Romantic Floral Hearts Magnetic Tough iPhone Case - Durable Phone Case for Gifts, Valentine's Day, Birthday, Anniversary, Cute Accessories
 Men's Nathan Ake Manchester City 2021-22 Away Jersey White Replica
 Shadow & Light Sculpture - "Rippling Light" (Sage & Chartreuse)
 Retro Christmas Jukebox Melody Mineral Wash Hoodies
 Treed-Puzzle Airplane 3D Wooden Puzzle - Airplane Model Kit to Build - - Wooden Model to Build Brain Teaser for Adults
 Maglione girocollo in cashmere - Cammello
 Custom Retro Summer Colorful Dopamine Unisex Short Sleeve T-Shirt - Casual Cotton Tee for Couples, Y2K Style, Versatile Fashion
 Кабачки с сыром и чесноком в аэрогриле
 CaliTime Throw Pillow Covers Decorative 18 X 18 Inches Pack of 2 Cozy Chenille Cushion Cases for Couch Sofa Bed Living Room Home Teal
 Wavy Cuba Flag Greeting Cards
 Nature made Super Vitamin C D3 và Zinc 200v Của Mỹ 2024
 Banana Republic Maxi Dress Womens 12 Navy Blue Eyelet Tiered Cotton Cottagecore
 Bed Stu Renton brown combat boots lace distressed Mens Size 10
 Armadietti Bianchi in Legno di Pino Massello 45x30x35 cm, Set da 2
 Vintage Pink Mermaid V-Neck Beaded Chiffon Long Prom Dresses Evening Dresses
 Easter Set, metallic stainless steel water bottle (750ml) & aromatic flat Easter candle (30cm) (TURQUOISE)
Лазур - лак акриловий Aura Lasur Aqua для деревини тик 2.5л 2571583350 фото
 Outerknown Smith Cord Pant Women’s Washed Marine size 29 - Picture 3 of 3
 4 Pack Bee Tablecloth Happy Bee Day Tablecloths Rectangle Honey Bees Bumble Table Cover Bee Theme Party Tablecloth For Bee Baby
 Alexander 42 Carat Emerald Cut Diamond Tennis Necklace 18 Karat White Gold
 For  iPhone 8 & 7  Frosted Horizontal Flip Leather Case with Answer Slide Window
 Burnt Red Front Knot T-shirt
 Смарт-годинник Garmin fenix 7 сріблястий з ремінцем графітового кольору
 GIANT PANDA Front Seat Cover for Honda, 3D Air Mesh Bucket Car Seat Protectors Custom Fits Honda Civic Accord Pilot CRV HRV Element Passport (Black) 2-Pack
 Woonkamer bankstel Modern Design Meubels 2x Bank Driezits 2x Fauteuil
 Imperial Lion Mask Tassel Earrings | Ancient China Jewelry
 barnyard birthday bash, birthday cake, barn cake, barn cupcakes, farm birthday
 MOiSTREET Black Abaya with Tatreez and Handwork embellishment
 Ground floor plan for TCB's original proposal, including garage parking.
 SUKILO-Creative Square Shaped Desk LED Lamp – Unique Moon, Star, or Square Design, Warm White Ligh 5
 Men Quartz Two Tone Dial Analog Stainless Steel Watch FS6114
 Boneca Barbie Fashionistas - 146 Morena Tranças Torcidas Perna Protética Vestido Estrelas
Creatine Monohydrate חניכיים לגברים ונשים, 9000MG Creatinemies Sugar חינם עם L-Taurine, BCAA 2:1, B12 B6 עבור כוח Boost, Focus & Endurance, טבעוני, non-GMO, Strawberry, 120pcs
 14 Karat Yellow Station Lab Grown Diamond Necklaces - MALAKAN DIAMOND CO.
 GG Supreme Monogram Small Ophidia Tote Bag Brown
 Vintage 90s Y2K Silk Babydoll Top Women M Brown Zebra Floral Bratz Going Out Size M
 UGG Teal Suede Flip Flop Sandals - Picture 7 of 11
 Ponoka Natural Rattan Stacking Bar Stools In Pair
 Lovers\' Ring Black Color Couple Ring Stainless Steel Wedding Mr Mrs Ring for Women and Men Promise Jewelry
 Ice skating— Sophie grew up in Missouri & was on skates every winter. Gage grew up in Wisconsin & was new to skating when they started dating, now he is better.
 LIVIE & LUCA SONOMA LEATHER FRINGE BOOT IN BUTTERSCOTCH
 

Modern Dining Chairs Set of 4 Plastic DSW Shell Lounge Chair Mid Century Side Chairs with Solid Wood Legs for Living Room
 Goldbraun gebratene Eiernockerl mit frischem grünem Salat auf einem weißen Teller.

====================

- **What to work on**:
From the line holding "Alexander 42 Carat" to the line holding "Ponoka Natural Rattan", inclusive, restate each line above exactly as written.

- **Exercise response**:
 Alexander 42 Carat Emerald Cut Diamond Tennis Necklace 18 Karat White Gold
 For  iPhone 8 & 7  Frosted Horizontal Flip Leather Case with Answer Slide Window
 Burnt Red Front Knot T-shirt
 Смарт-годинник Garmin fenix 7 сріблястий з ремінцем графітового кольору
 GIANT PANDA Front Seat Cover for Honda, 3D Air Mesh Bucket Car Seat Protectors Custom Fits Honda Civic Accord Pilot CRV HRV Element Passport (Black) 2-Pack
 Woonkamer bankstel Modern Design Meubels 2x Bank Driezits 2x Fauteuil
 Imperial Lion Mask Tassel Earrings | Ancient China Jewelry
 barnyard birthday bash, birthday cake, barn cake, barn cupcakes, farm birthday
 MOiSTREET Black Abaya with Tatreez and Handwork embellishment
 Ground floor plan for TCB's original proposal, including garage parking.
 SUKILO-Creative Square Shaped Desk LED Lamp – Unique Moon, Star, or Square Design, Warm White Ligh 5
 Men Quartz Two Tone Dial Analog Stainless Steel Watch FS6114
 Boneca Barbie Fashionistas - 146 Morena Tranças Torcidas Perna Protética Vestido Estrelas
Creatine Monohydrate חניכיים לגברים ונשים, 9000MG Creatinemies Sugar חינם עם L-Taurine, BCAA 2:1, B12 B6 עבור כוח Boost, Focus & Endurance, טבעוני, non-GMO, Strawberry, 120pcs
 14 Karat Yellow Station Lab Grown Diamond Necklaces - MALAKAN DIAMOND CO.
 GG Supreme Monogram Small Ophidia Tote Bag Brown
 Vintage 90s Y2K Silk Babydoll Top Women M Brown Zebra Floral Bratz Going Out Size M
 UGG Teal Suede Flip Flop Sandals - Picture 7 of 11
 Ponoka Natural Rattan Stacking Bar Stools In Pair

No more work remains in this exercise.